Rate ‘em: how did we like the characters? Richie is annoying but also loveable; I think his role is to be annoying to his friends, less so to the reader. (To me at least.) Stan is hard to love. Maybe because he dies so early that we know not to invest in him? Eddie is also a little exasperating but I found him sympathetic as well. Despite these three being difficult to like, I ended up rooting for them all. When Eddie and Stan really stepped up to the plate and gave it their all, they came further, you know? For Bill and Ben, heroism seemed to come more naturally. (For all that Ben is meant to be the archetype of fat loser kid, he always had a courageous hero sitting very near the surface; he didn’t have to come as far to get there.) I loved Bev, Danielle didn’t; and while Mike was maybe a little boring, he was the rock, or the tie that bound them all together (not to mention being an uber-capable librarian, which is always worth points). And Bill? Interestingly, the Constant Readers did not appreciate Bill. And I can understand the ways in which they found him boring, but I loved him all the same. As far as his being a foil for Ben & Bev’s romance, I say, not his fault; there will always be that guy (or girl), and he (or she) doesn’t always have control over that role. Fair game.

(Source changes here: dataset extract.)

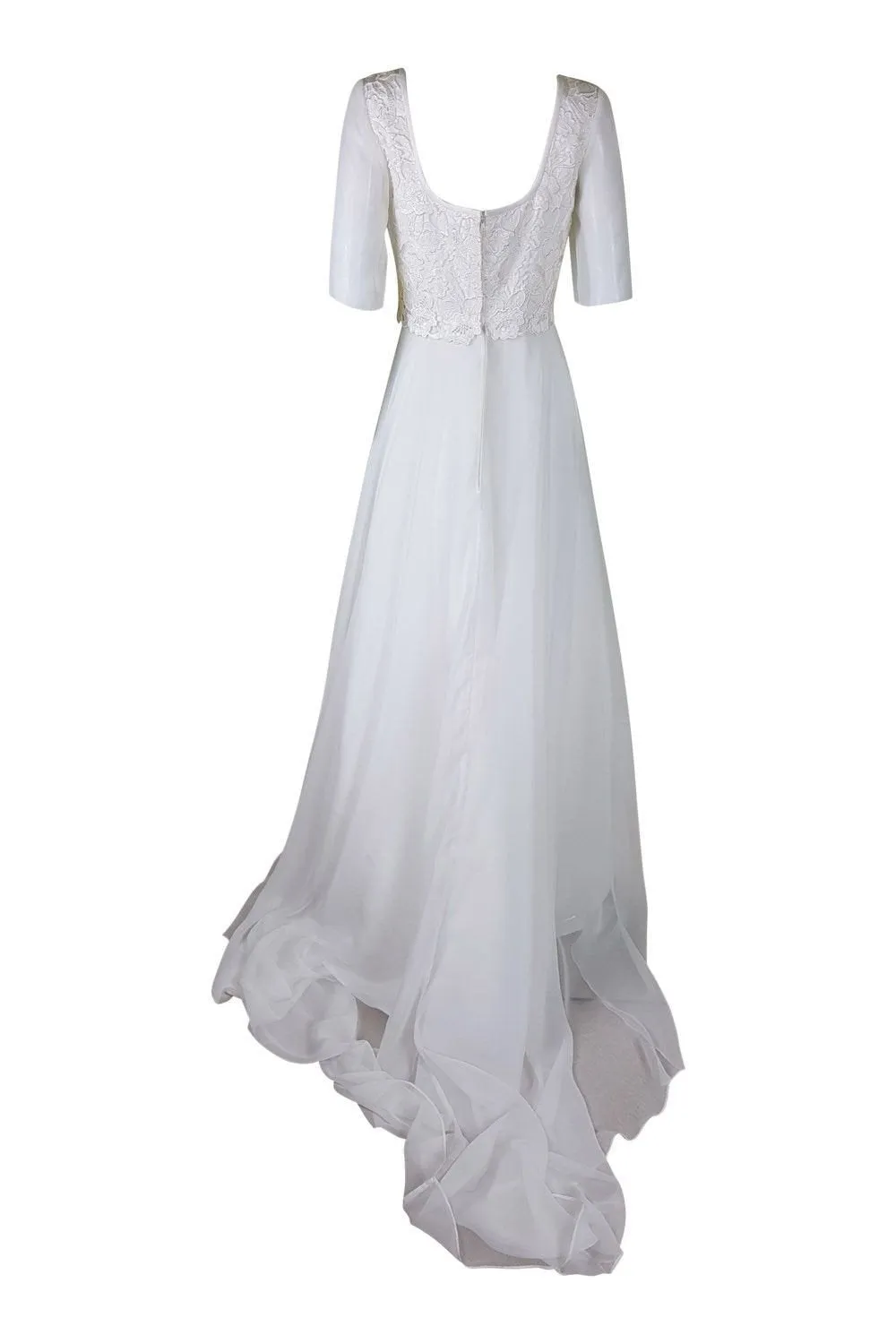 UNLABELLED Vintage Style 3/4 White Wedding Dress (S)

In the end, I loved all seven of our kids, more or less equally – with Stan a half-step below, for not sticking around long enough to earn more love.

Favorite quotations from Constant Readers:

  • “In the Gunslinger world, they’d be a ka-tet.” Yes.
  • “This book is full of childhood sweetnesses without every getting mawkish or saccharine, which is a fucking feat.”
  • “I know you hate the Turtle, but I really like the image/concept of this lumbering creature that created the universe by puking, this really reflexive, disgusting bodily function, and now it’s dead because it puked in its own shell. I like the idea of the creator of all things being sort of witless. Or at least clumsy. I really believe that, man, if Something Made Us All, it was definitely not on purpose. A puking Space Turtle fits my ideology very well.”

On that last point: I totally agree. The turtle-as-creation-myth resonates deeply with me, and crosses over not only from the Dark Tower series, but from various native cultures from around the world (see Turtle Island). I am carrying forward this idea of the turtle that vomited up our world, and didn’t much care about it thereafter, as my new philosophy of life and its origins. Thank you, Stephen King.

He’s done it again. It is the Constant Readers’ favorite SK, and I’m pretty sure it’s Jack’s as well. I’m not sure I’m prepared to say that, but it’s definitely a great example of what he does best.


Rating: 9 newspaper boats (shiver).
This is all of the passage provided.